Sabrina inclinó la cabeza con un gesto apenas perceptible, como si el peso de sus decisiones aún danzara en su mente.
—Claro, Daniela, ya lo decidí —respondió con una firmeza que contrastaba con el leve temblor de sus manos.-
—¿Y Thiago? ¿Qué va a pasar con él?
—Aunque pelee por su custodia, no hay forma de ganarles a los Carvalho. Y, además… —Sabrina esbozó una sonrisa teñida de amargura, un reflejo de heridas que aún sangraban en silencio— Thiago tal vez ni siquiera quiera quedarse conmigo. Para él, ahora, una chica bonita y elegante es lo único que importa.
Daniela frunció el ceño, su rostro un mapa de líneas marcadas por la incredulidad y el reproche.
—Tú, que diste todo por él. Que casi te dejas la vida en esa sala de parto, un día entero aferrada a la esperanza de verlo nacer. Tú, que lo criaste con tanto amor…
—¿Cómo podría él elegir a esa intrusa que destrozó lo que quedaba de su familia? —Daniela apretó los labios, conteniendo la indignación que pugnaba por salir.
Sabrina respiró hondo, su voz serena como un lago que esconde tormentas en su fondo.
—Solo prueba que son carne de la misma carne. Hasta en eso se parecen: los dos caen rendidos por el mismo tipo de mujer.
—¿Y André? ¿Sabe que te marchas?
Sabrina negó con la cabeza, un movimiento lento que parecía cargar con años de resignación.
—Seguro está con su verdadero amor ahora.
Antes de casarse, Sabrina tenía un pequeño departamento donde reinaba su soledad de soltera, un refugio que había quedado olvidado bajo capas de polvo y recuerdos.
Tras dejarlo impecable, Daniela la miró con un brillo travieso en los ojos.
—Oye, Sabrina, desde que nació Thiago no hemos salido juntas de compras. ¿Te animas a dar una vuelta hoy?
Sí, desde aquel día en que Thiago llegó al mundo, la vida de Sabrina había girado en torno a pañales, horarios y promesas rotas. Se había diluido en el rol de madre y esposa, dejando que su esencia se desvaneciera como tinta en el agua.
Al cruzar la mirada con los ojos chispeantes de Daniela, Sabrina sintió un eco de lo que alguna vez fue: una mujer vibrante, llena de sueños. Cinco años de matrimonio la habían marchitado, convirtiéndola en una sombra prematura de sí misma.
El aire dentro de la tienda de música vibraba con una mezcla de nostalgia y tensión cuando Sabrina cruzó el umbral junto a Daniela. Sus pasos se detuvieron abruptamente.

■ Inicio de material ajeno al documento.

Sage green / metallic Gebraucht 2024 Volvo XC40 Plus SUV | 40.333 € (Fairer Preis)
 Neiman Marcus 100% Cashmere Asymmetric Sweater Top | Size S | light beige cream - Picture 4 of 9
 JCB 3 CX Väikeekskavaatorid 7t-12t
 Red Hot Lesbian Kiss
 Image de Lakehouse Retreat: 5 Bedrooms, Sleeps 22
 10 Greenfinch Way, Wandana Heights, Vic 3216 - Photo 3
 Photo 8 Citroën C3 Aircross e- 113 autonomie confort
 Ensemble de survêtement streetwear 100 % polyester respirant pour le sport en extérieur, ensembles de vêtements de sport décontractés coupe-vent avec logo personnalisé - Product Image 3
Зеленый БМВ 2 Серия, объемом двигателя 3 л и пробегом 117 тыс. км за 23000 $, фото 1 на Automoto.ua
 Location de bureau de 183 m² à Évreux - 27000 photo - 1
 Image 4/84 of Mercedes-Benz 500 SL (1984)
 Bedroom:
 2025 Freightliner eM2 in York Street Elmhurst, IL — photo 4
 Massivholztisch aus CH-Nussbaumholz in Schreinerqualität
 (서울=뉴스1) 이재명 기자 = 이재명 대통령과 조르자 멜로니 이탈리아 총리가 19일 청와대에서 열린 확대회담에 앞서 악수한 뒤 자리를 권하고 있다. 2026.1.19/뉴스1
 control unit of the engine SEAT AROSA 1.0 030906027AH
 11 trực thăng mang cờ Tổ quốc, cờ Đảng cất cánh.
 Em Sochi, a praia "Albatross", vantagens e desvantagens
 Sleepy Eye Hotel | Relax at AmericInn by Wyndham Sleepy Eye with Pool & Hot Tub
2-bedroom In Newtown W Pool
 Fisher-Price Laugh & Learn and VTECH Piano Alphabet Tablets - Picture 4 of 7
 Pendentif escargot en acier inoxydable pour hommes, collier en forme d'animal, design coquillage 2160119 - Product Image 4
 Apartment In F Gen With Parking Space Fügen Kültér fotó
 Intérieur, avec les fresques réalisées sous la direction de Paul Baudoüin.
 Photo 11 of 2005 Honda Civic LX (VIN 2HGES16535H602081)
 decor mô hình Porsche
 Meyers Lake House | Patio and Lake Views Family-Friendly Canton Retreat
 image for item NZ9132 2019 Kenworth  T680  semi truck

Frente a una vitrina de piezas exclusivas, un hombre de porte elegante y una mujer de belleza frágil contemplaban un objeto con reverencia. La voz de ella, suave como un susurro de seda, flotó en el aire.
—La legendaria Astra Aestiva… Es una maravilla, ¿no crees?
—André, sabes cuánto amo tocar el violín —continuó, girándose hacia él con ojos brillantes—. Quiero organizar un concierto en mis últimos días y usar este Astra Aestiva. ¿Qué te parece?
La respuesta de él llegó con una calidez profunda, casi inmediata.
—Claro, me parece perfecto.
El gerente, a pocos pasos de ellos, parecía un manojo de nervios, secándose el sudor de la frente con un pañuelo arrugado. Al ver a Sabrina y Daniela, su rostro se iluminó como si un faro hubiera cortado la niebla.
—¡Señorita Blasco, qué alegría que llegó! — exclamó, casi tropezando en su prisa por acercarse—. El señor Carvalho insiste en comprar el Astra Aestiva. Las condiciones las pone usted, así que… ¿qué decide?